Aliás, é essa a mesma laia de pai e mãe que leva a criança a um psiquiatra para que lhe sejam prescritos "remédios" para déficit de atenção, para hiperatividade e outras invencionices da indústria farmacêutica aliada à máfia dos divãs. "Remédios" para a energia excedente e sobrenadante própria de uma criança saudável; "remédios" para a alegria e para a peraltice, que é a melhor forma de descobrir o mundo ao seu redor; "remédios", enfim, para curar a criança de sua infância. 
Dopar a criança para que não tenham o trabalho, eles, os pais, de bem educá-la, para que não tenham o trabalho de ser pais. Para que possam, um na TV da sala, ver o futebol e o outro, na do quarto, acompanhar a novela. Ou ficar cada um, em seus smartphones e facebooks, a tramar putarias e pequenas infidelidades.
Moleque fuça em tudo. É normal. E o meu fuça em algumas coisas bem interessantes, incomuns. Não é de mexer nas prateleiras, mas, se eu me descuido por poucos segundos, ele realiza pequenos atos de sabotagem. Adora desligar aquelas geladeiras que guardam refrigerantes e cervejas; se bobeio, ele as desliga, quantas puder, num botão colocado ao rés do chão. Se o caixa ao lado do que passamos está sem funcionário, ele se abaixa e aperta o botão de reset do terminal do computador colocado ao chão; já deu reset num monte.
Moleque fuça em tudo. É normal. É saudável. O que não significa que não devam ser coibidos, corrigidos, censurados, repreendidos, educados, enfim. E eu, sim, coíbo, corrijo, censuro e repreendo. Tentando me manter no tênue limite, na corda bamba entre não deixar que ele cause algum dano ou que atrapalhe as demais pessoas e que eu, por excessivas proibições, destrua a sua curiosidade.
Dia desses, porém, ou ele estava mais encapetado que o de costume, ou eu estava com a paciência mais curta, ou ambas as coisas, e eu acabei por lhe aplicar um castigo. Peguei um daqueles grandes carrinhos de compras e o coloquei dentro, "engaiolei-o", enquanto fazia as compras. Foi em um dia em que tive que comprar uma quantidade de itens maior que o normal e lembrar de tudo e correr atrás de moleque ao mesmo tempo é foda. Não faço lista de compras. Memorizo tudo antes de sair de casa. Divido as compras por setores em meu cérebro. Isso de fazer listinha de compras no papel, ou, pior e imperdoável, no celular é para frouxos, para voluntários ao Alzheimer.

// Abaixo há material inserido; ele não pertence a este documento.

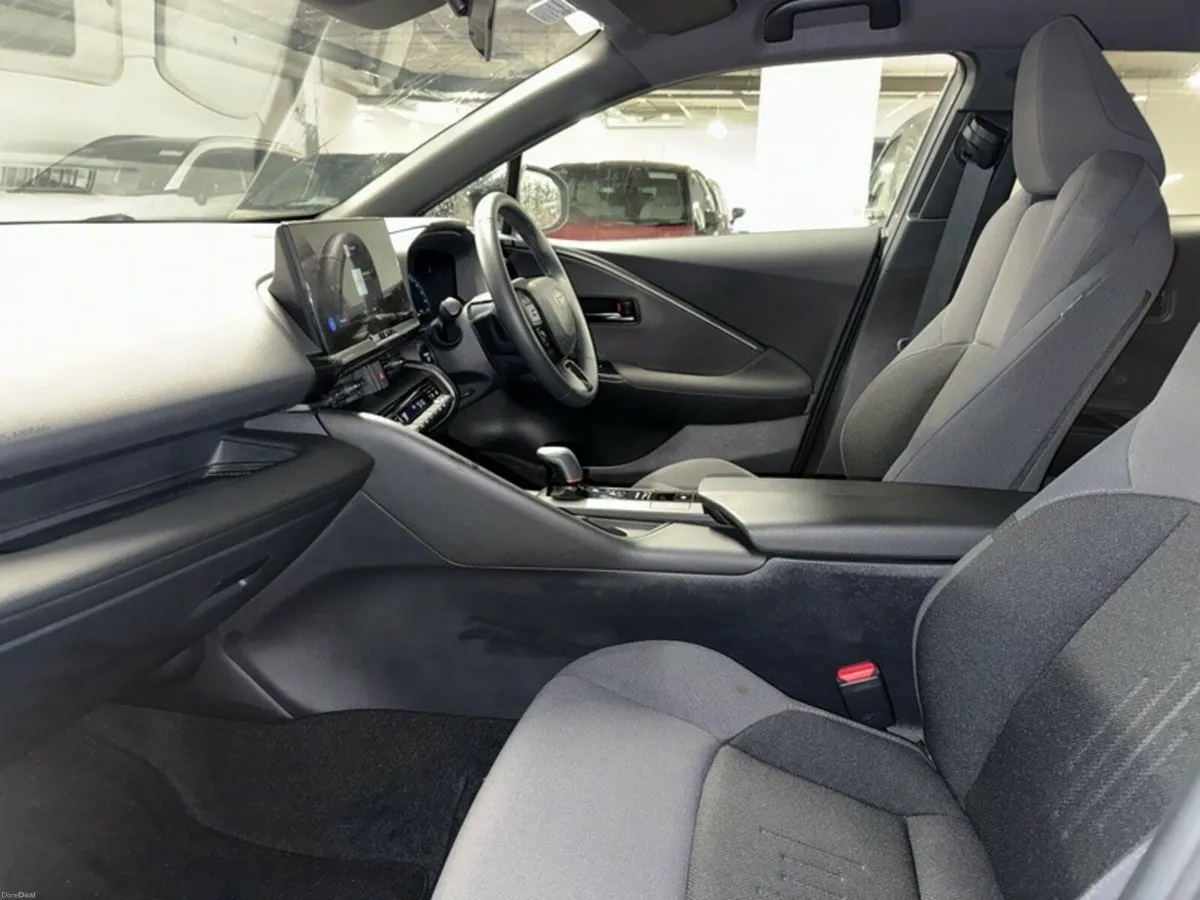 Toyota C-HR SPORT+ GLASS PAN ROOF // APPLE CARPLAY - Image 6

Ele ficou o tempo todo lá, engaiolado no carrinho. Inclusive, durante a longa espera na fila do caixa. Todas aquelas tentações passando aos seus olhos e ele sem poder tocá-las.
Na saída do mercado, ele me disse que não gostara de ficar de castigo. Eu respondi que castigo é para não gostar mesmo, que não seria castigo se ele gostasse. Castigo é isso mesmo, disse a ele, é não poder fazer coisas de que a gente gosta.
- E por que que você nunca fica de castigo, pai? -, perguntou-me.
Pergunta de criança nunca é simples.
Por que que você nunca fica de castigo, pai? Pensei um pouco, respirei fundo e, quase que num suspiro, respondi a ele:
- Você é que pensa, meu filho... você é que pensa.